▶ _What to produce_: Which lines below fall between the one containing "Now for highlighting, I'm" and the one containing "Hi drone lovers, I'm"? Repeat them exactly, counting both of those lines, and add nothing else.

▶ _Exercise material_:
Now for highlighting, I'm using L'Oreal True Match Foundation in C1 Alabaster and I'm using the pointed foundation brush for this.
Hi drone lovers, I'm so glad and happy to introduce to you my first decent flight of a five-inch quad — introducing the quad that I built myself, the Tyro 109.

---

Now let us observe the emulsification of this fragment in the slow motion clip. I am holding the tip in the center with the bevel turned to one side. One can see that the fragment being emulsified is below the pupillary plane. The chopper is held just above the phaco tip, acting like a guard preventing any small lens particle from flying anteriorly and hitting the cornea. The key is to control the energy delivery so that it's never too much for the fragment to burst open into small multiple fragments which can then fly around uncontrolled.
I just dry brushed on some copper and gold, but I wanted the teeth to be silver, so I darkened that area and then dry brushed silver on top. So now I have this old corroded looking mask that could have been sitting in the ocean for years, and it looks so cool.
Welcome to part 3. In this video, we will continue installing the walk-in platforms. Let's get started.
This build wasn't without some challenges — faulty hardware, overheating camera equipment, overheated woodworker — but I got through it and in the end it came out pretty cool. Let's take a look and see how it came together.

==

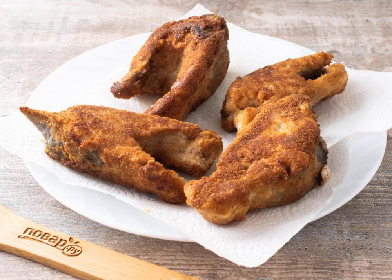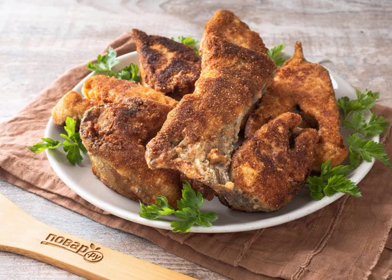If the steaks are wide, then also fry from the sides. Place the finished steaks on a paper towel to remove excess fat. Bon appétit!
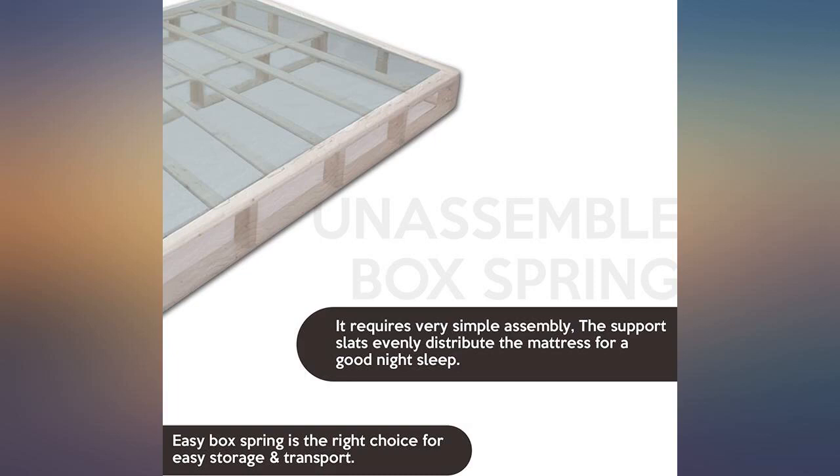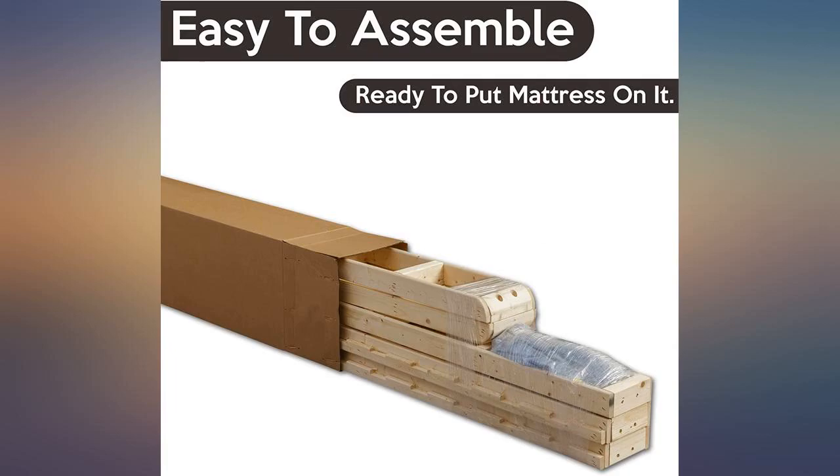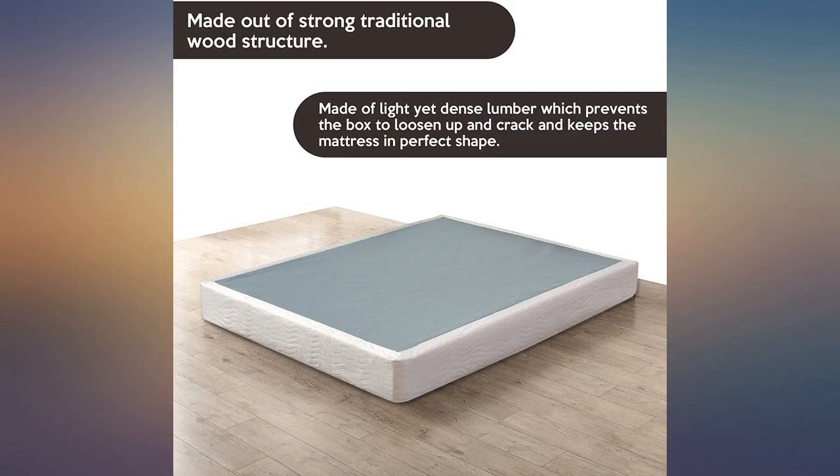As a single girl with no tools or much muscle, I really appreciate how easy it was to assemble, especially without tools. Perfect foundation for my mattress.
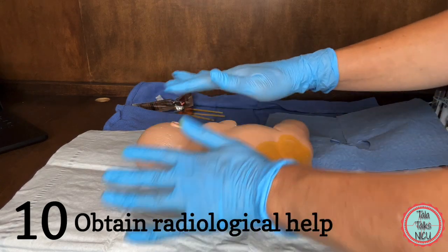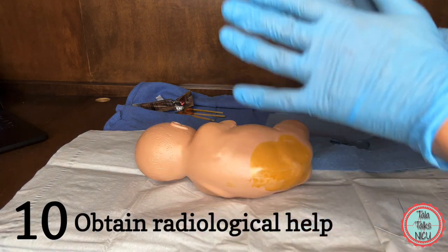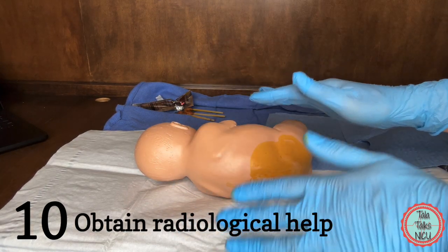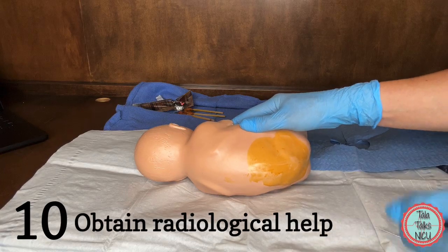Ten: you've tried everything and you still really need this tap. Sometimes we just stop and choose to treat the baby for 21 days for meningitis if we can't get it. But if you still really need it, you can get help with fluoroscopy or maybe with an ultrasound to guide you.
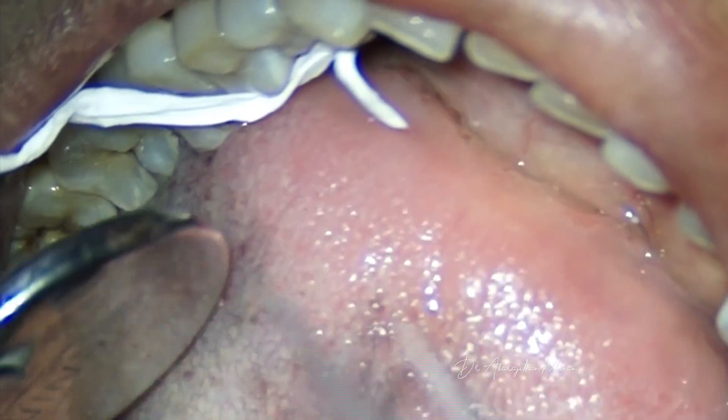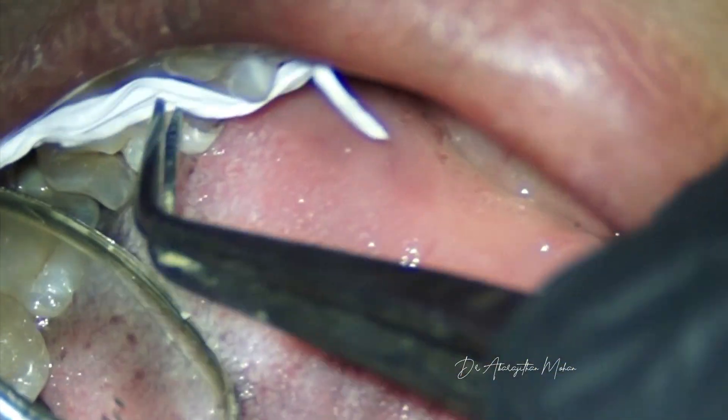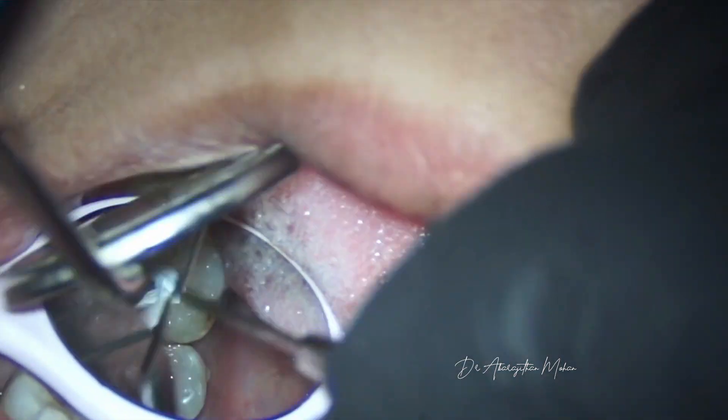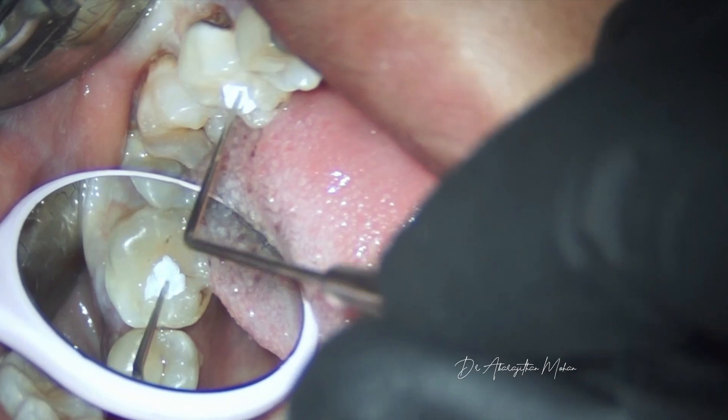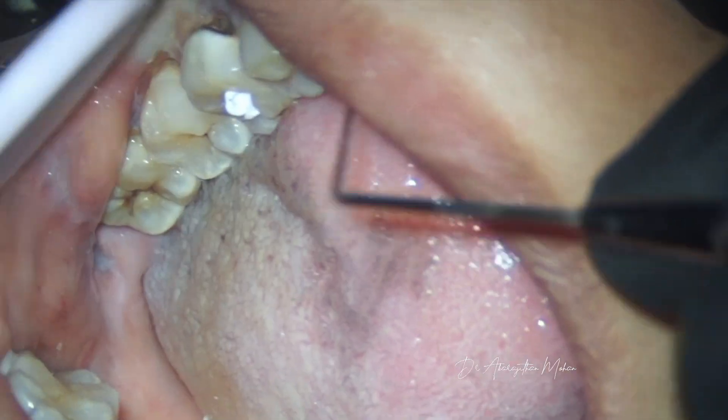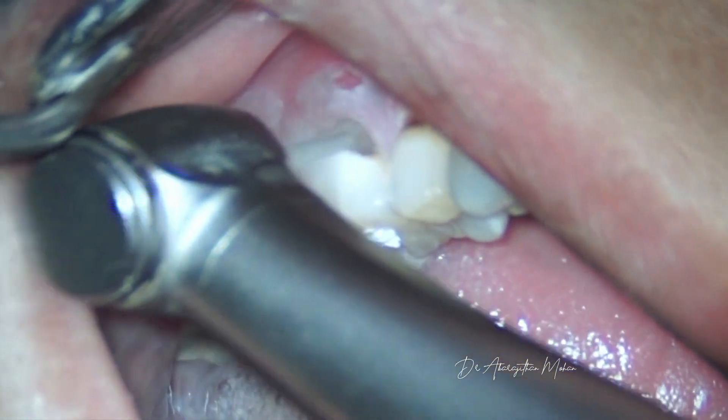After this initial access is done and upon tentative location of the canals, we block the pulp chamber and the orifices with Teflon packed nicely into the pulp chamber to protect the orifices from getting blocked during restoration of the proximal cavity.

▶ _Response box_:
Now for highlighting, I'm using L'Oreal True Match Foundation in C1 Alabaster and I'm using the pointed foundation brush for this.
Hi drone lovers, I'm so glad and happy to introduce to you my first decent flight of a five-inch quad — introducing the quad that I built myself, the Tyro 109.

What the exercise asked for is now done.